管理職の給料

「人手不足」であるのに「人余り」になっているそうだ。ミスマッチが起きているらしい。

取り巻く日本社会が悪いとか会社が悪いと言っていても始まらない。結局は自分がどのように生きたいかで決めるしかない。

管理職になるほど、付加価値を生むことが難しくなる。管理職として日々忙殺されているとしても、その忙殺されている職務が、いったいいくらの利益を生み出しているのかを考えなければいけない。

年収1000万円の人で、1日8時間、月20日働いているとしたら、年間1920時間の労働です。それで年収を割ってみると、時給は5208円。日給にしたら4万1664円です。

日経ビジネス

自分の職務が、最終的にどのようにして利益貢献につながっているのかを考えない幹部が増えだすことから、組織は知らず知らずのうちに若さを失い、退嬰していく。

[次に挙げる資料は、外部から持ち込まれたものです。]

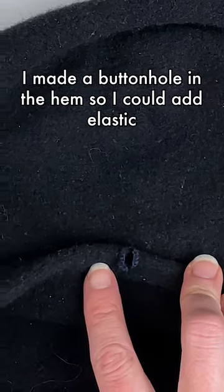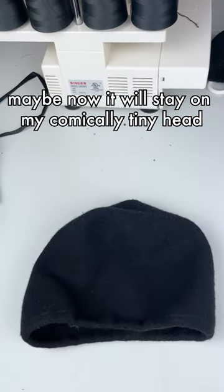I made a buttonhole in the hem so I could add elastic. Maybe now it'll stay on my comically tiny head.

日給4万円の価値を生み出していなければ、近い将来、人事体制がJob型にでもなれば早々に配転の対象になる。

違う視点で、同じことを考えてみると、自分が組織グループの上層部にいるとして、もし、自分でなければ今の売上、今の利益が出ていないかを考えなければ自分の価値は評価されない。

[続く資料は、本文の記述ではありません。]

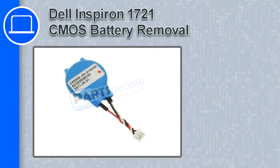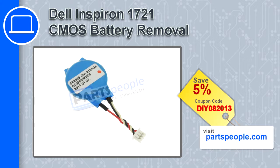How's it going? This is Ricardo, and in this video I'm going to show you how to remove the CMOS battery from a Dell Inspiron 1721. If you're looking for parts for this laptop, go to our website and use this coupon for a 5% off discount.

どこのテレビ局とは言わない。なぜなら、「帝王」とか「天皇」が君臨している組織では、「帝王」「天皇」に好まれることが延命の重要なポイントにでもなっているなら、「日産」のようなことになると真っ先に切られてしまう。

日本では「生産性」が低いといわれるようになって久しい。ここでいう「生産性」となると1人当たりのGDPになるが、企業で言うなら、とどのつまり一人当たりの利益でしかない。

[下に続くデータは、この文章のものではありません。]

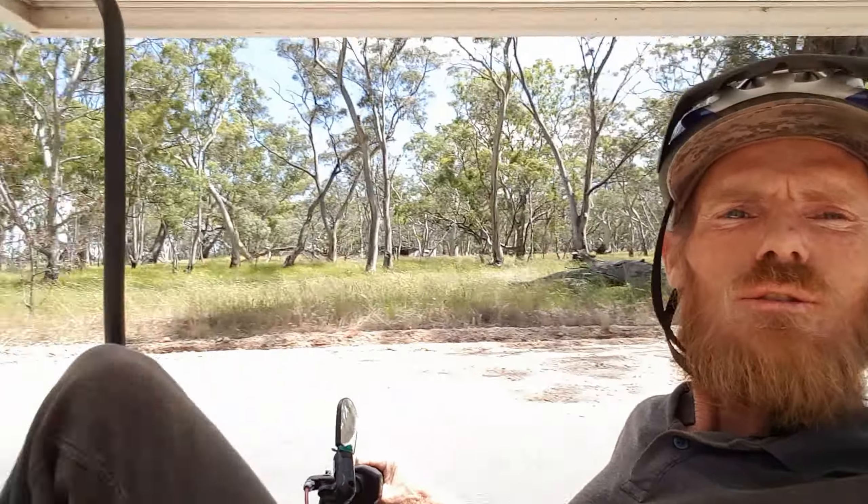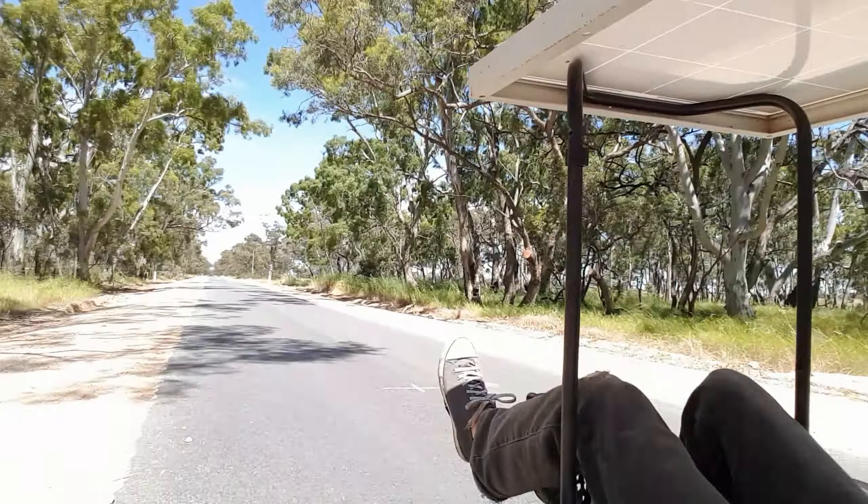Beautiful day to be out — have a look, nice quiet road. It's about 28 degrees Celsius here today, it's fantastic. Doing my first long distance test — I've buzzed around for a little bit in it and it seems to be hanging in there all good. So I thought I'd see what sort of distance I can get out of it with just some general riding, and see what this solar panel is going to do. I'll get back to you soon.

さしたる改善できないのであれば、まず、残業を含め経費を切り詰めていく。しかし、それでは利益体質が健全化できるわけではない。不健全であるから生産性が伸びないのである。

その原因は人事制度だけではないのは自明のことである。東芝やシャープのような経営判断のミスもあれば、日産のような時流に乗り遅れたブランド力の低下などもある。

とはいえ、真っ先に粛清の対象になるのが利益貢献が少ない管理職になる。管理職年齢となると転職も難しい。

世の中は「DX」「AI」とトレンドがどんどん変わっている。深く知る必要もないけれど核心的エッセンスだけは押さえ、自分なりに常に意識することが求められていくことが、企業人としての延命になる。

ついでをいうなら、人材の流動化が世間的な認知が上がれば、よそで自分の能力なり経験を活かせるチャンスだって増えるだろう。それには解雇規制を緩和しなければならないし、それを受け入れるセイフティネットを充実させなければならない。

社会変革が起きない限り管理職にとって、ますます厳しい時代になって行くことだけは間違いがない。仮に、企業から放逐されても最低で3年は食いつなげる資産を持つことが、次なるチャンスに対して有利に展開することもできる。

常に、前向きの努力と後ろ向きの備えを両立させておくことが、これからの管理職社員の生き方になる。